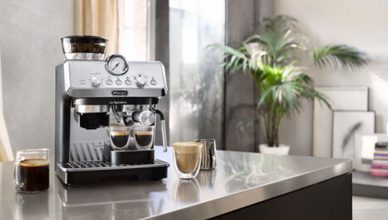 De'Longhi Coffee Machine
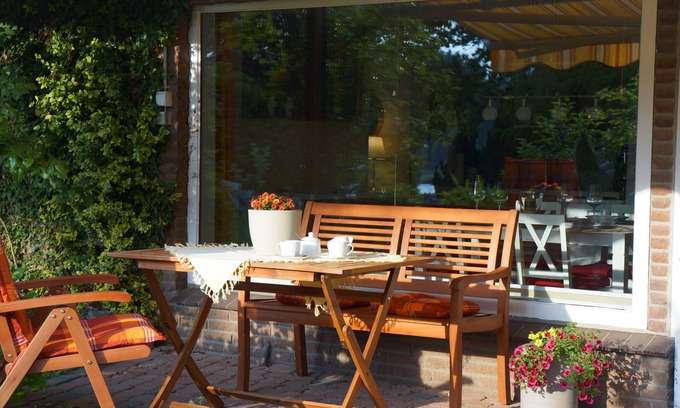 Lankau Apartment | Relax and unwind in attractive situated Apartment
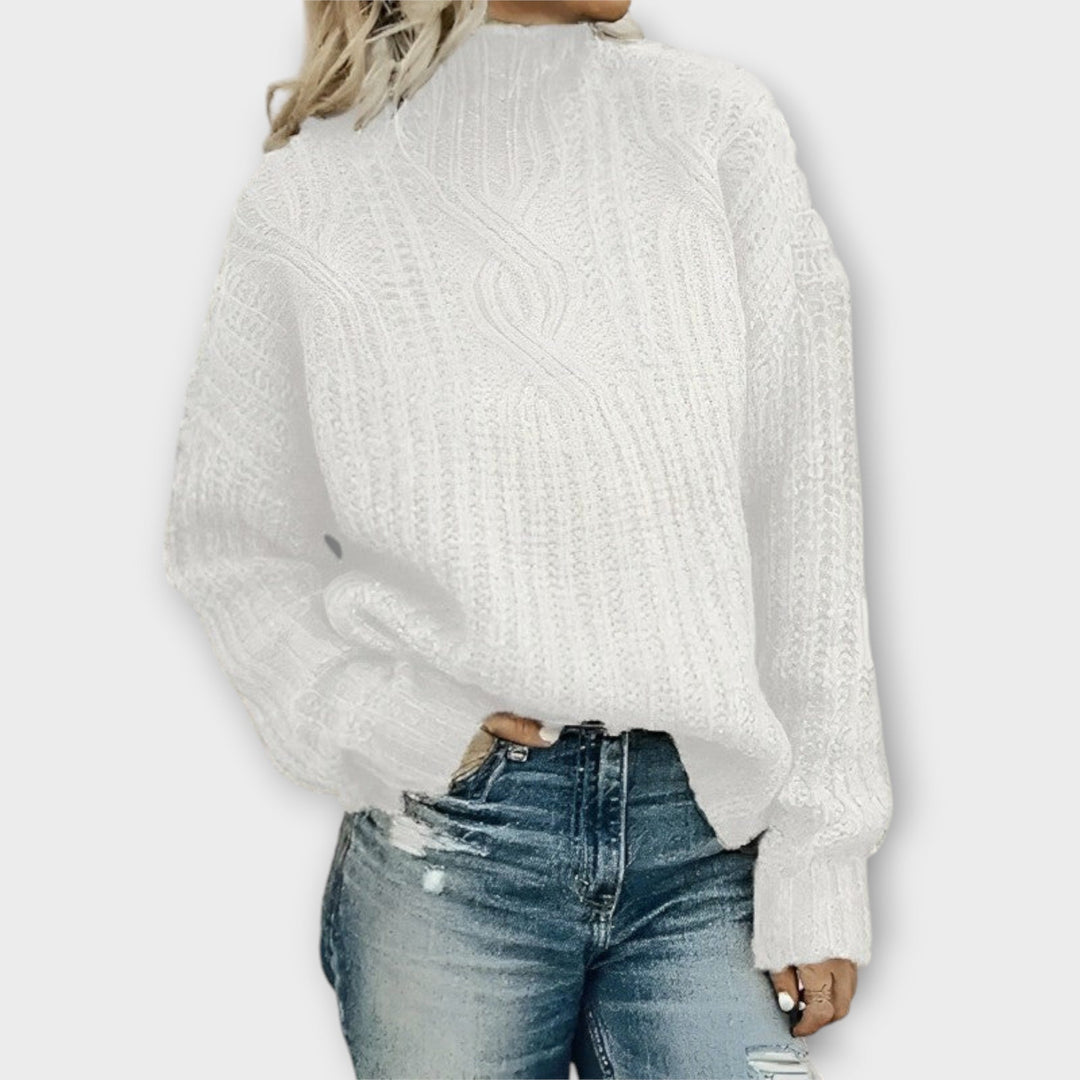 Loes witte gebreide oversized coltrui met kabelpatroon, vooraanzicht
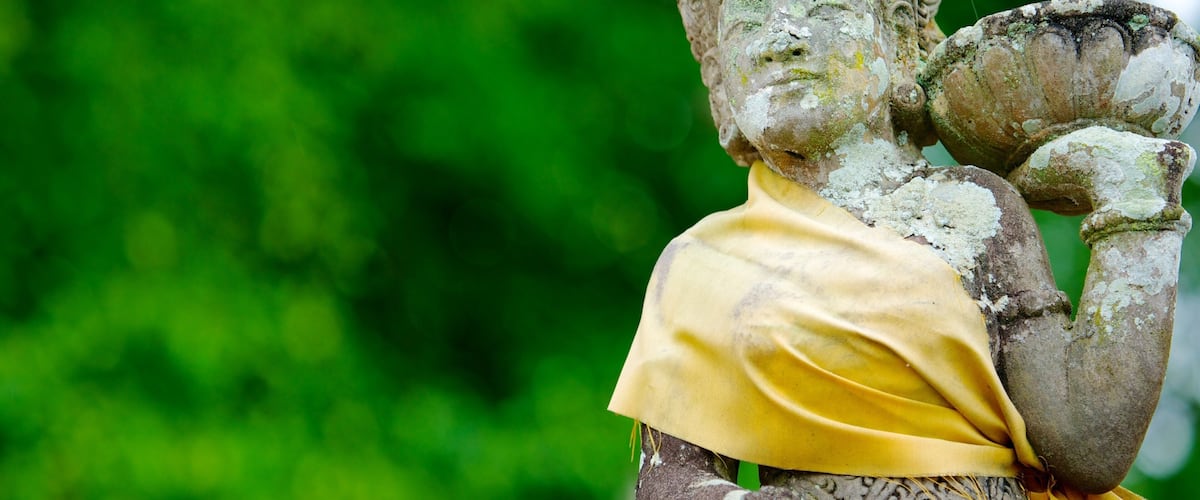 Mayura Park featuring outdoor art and a statue or sculpture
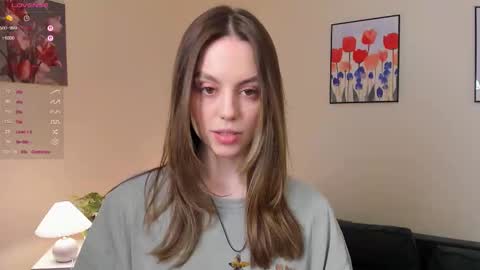 Snapshot of sweet_and_flirt chatting on December 2025 07:05:01 AM Alice online show from December 2025 07:05:01 AM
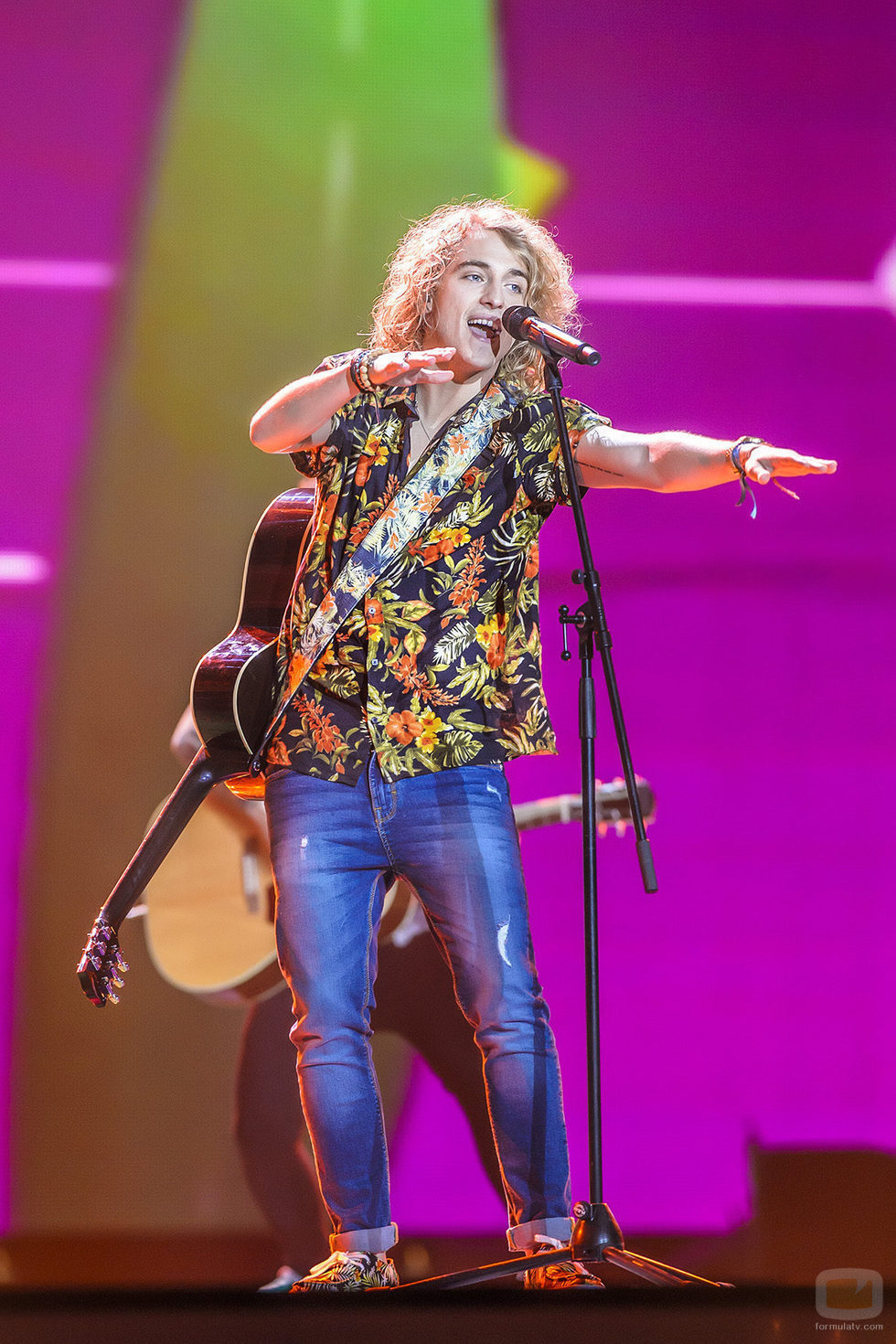 Manel Navarro surfea en el tercer ensayo de Eurovision 2017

============

* _What you need to do_
Please, without any pictures, write out exactly the lines of the listing from its first line through the line that holds "Mayura Park featuring", ends included, and nothing beyond them.

* _Answer to this exercise_
 De'Longhi Coffee Machine
 Lankau Apartment | Relax and unwind in attractive situated Apartment
 Loes witte gebreide oversized coltrui met kabelpatroon, vooraanzicht
 Mayura Park featuring outdoor art and a statue or sculpture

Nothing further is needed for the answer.